Новая сцена театра, история которого неразрывно связана с Мейерхольдом, будет построена по модели возглавляемого вами московского центра имени Мейерхольда?
Только в Петербурге все будет значительно круче и просто современнее. Появится центр интернет-технологий, с помощью которого мы планируем устраивать онлайн-трансляции спектаклей, делать ток-шоу с известными деятелями театра, проводить дистанционные мастер-классы. Меня страшно занимает идея поставить спектакль специально для веб-пространства: не замечать этой параллельной реальности сегодня может только полный аутист.
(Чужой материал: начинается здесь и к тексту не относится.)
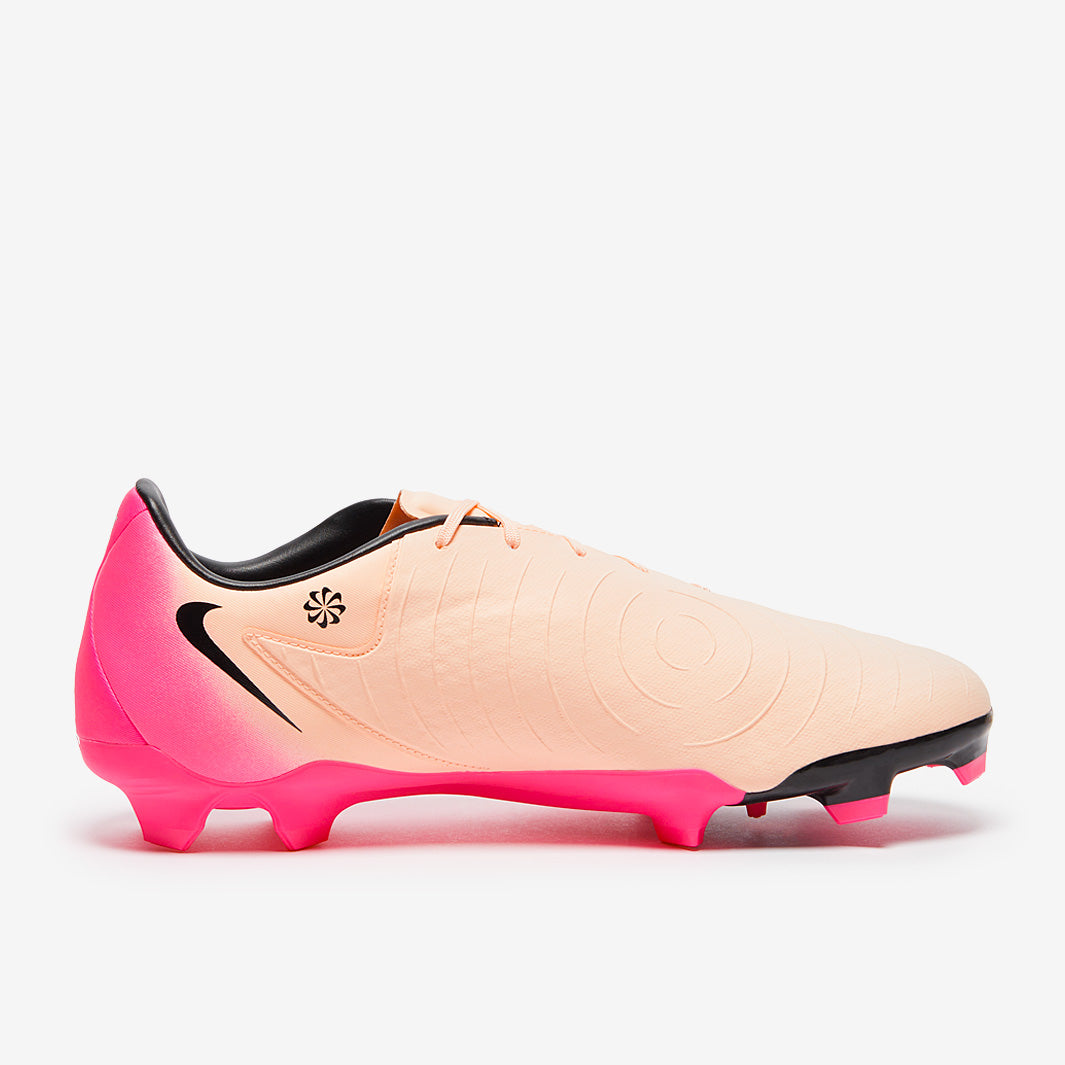 Nike Phantom GX II Academy Firm Ground/Mixed Ground- Crimson Tint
Третьей составляющей Александринки-2 станет школа...
Наподобие Школы-студии МХАТ?
Актеров у нас готовить не будут — с их производством прекрасно справляется и петербургская театральная академия. Мы займемся подготовкой дефицитных кадров — режиссеров, сценографов, технологов сцены, художников по свету, литературных менеджеров. Обучение должно быть совместным, о чем когда-то Мейерхольд мечтал на пару с Гордоном Крэгом. Учащихся будет немного: чем меньше студентов, тем лучше. Когда набирают режиссерский курс из десяти человек, это грубейший формализм: театр — штучная профессия, и ее нужно штучно готовить. Александринка-2 может стать городским центром молодой режиссуры, а художественным руководством всего комплекса новой сцены будет заниматься Андрей Могучий.
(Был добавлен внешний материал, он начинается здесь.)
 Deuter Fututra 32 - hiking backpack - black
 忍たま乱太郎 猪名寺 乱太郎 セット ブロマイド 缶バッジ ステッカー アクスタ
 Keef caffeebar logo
Строительство новой сцены осуществляется из госбюджета, а как вообще живется Александринке в нынешних экономических условиях?
Я уже тысячу раз сетовал на то, что в свое время российские театры не провели реформу. Сейчас все будут пожинать очень горькие плоды своей нерасторопности — в 90-е годы мы не провели ее сами, теперь за нас ее проведет Минфин. А он смотрит на показатели не качества, а количества: сколько спектаклей сыграли, сколько зрителей посмотрело. Это неизбежно приведет к халтуре.
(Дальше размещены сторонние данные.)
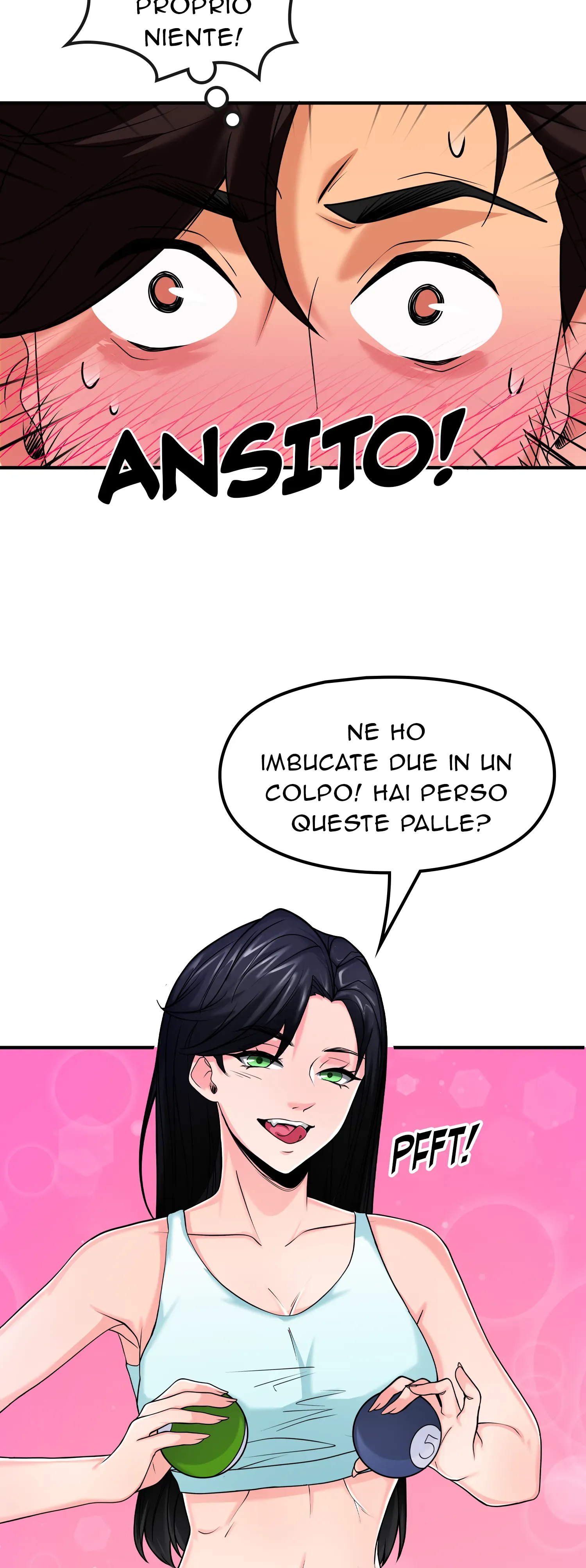Colpiscimi Le Palle - Episode 2 - read scene 28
По вашему мнению, грядущая реформа затронет и репертуар Александринки?
Новые требования будут предъявлять и к нам. Ведь за последние годы мы в отличие от других именитых театров не сделали ни одного коммерческого спектакля, чем я очень горжусь. Мы не устраивали "чеса" — только серьезные гастроли. Мы позволяли себе больше репетировать, выпуская премьеру, долгое время репетировать на основной сцене. Сейчас придется затянуть кушаки. Хотя с посещаемостью, кстати, у нас полный порядок: почти что однотысячный зал ежевечерне заполнен процентов на восемьдесят. Но увеличение количества спектаклей неизбежно приведет к халтуре. Это означает, что нужно будет увести творческие силы из какого-то одного проекта и перебросить их на другой. Из этого получится только хаос, зато галочка в министерской ведомости будет поставлена.
Сегодня стало очень удобно обращаться с культурой. Нас стыдят: "Как вы можете говорить про деньги? Вы что, не видите, как живет страна?" А действительно — ужасно живет. И правда, даже как-то неудобно становится. Искусство ведь никуда не денется, у нас великая русская культура — что она, не выживет без нас? А ведь вполне может и не выжить.